RG Martin is an existentialist. That is, he believes human beings have the free will to make decisions and take responsibility for their decisions. These decisions are important, especially decisions about which beliefs a person is going to accept and integrate into his thoughts, his actions and his personality.
Thus RG believes the decisions you make about the future of the country and your vote is important.
RG is a big fan of Joan of Arc, the first feminist, the first nationalist, and the first woman to stand up to the local Church. Like Joan — and like JFK, like the ancient Greeks, and like many Americans — RG is a realistic idealist. He believes that the spirit of America has always been one of idealism, but idealism synthesized with reality.
We all can be idealistic but still fully realistic and practical.
RG believes that policies based on pure idealism can be the most realistic, practical and efficient policies. It is the policies that were based on based on falsehoods, corruption, immorality, and dysfunctional thought that history has proven to be unrealistic, impractical, inefficient, and, in the end, destructive.
RG also believes that naive idealism can be just as destructive as false ideas. For naive idealism is the pursuit of an ideal with no consideration for reality. It ignores reality. It ignores experience. Naive idealism often even has contempt for reality and experience. It is neurotic. Naive idealism is a common fallacy in “progressive” and liberal political thought.
And how do we discern which ideas are realistic and which are naive idealism? We use the traditional scientific method. We test them! We see which ideas worked in history and which didn’t.
But just as neurotic as naive idealism is the belief commonly found in conservative thought that “we must bite the bullet.” This conservative Idea says we must accept reality as it is with no hope of making it better, with no hope of pursuing authentic, realistic ideals.
RG also believes, like Hegel and Joan, that the commandment to love God implies the commandment to try to understand God!

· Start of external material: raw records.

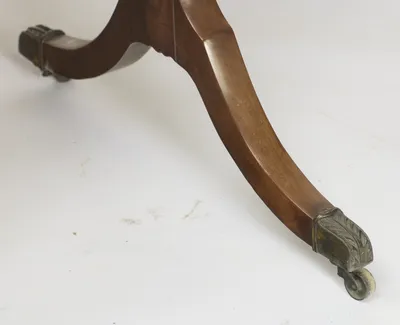 The leg sweeps down from its hipped shoulder to a leaf-cast metal cap and small roller wheel, the companion castor visible beyond.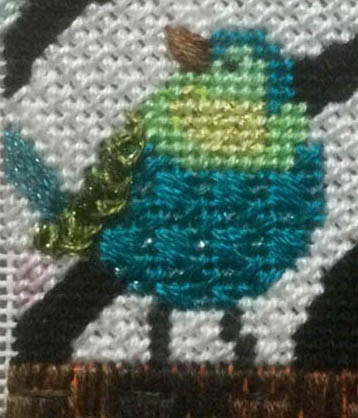 Needlepoint artwork of a blue and green bird.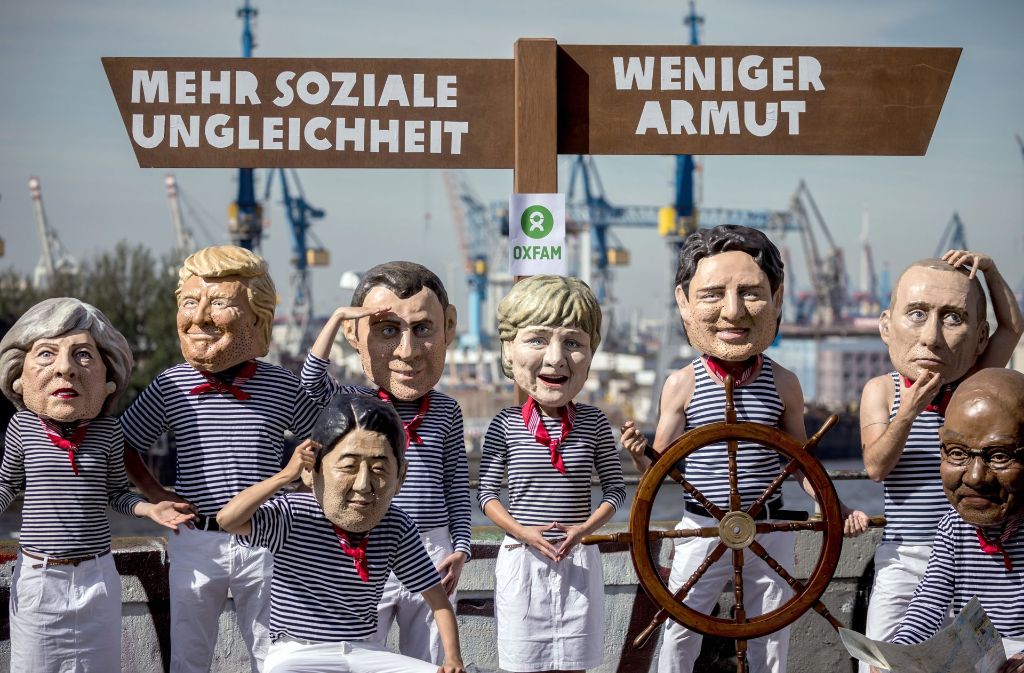 Die wichtigen sieben Politiker beim G20-Gipfel: Angela Merkel, Donald Trump, Wladimir Putin, Xi Jinping, Recep Tayyip Erdogan, Emmanuel Macron und der Vertreter von König Salman aus Saudi-Arabien, Ibrahim al-Assaf.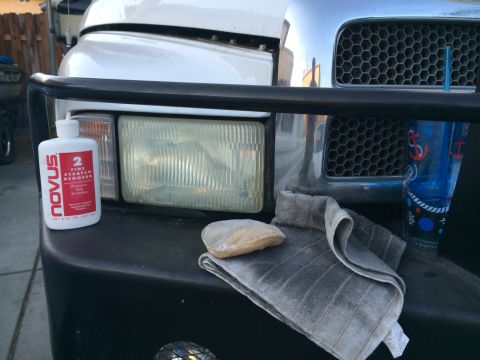 1997 Dodge 3500 - A bottle of Novus scratch remover sits on a truck's bumper next to a rag and a seashell.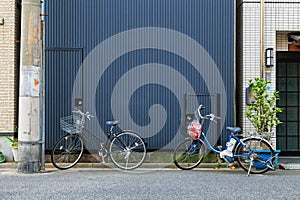 Two bicycles park in front of steel wall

This understanding implies the commandment to try to listen to God and try to understand what He is doing in history.
Loving God also implies loving his creation. Loving God’s creation implies accepting his creation as it is, and not how we think his creation should be. Loving his creation implies trying to understand reality, reality, as it is, not how a book says reality is — any book.
RG believes we should accept historical reality as it is and improve upon it as much as we can, always listening to God as he speaks to us in everyday life. As John Kennedy said, we must make God’s work here on earth our own.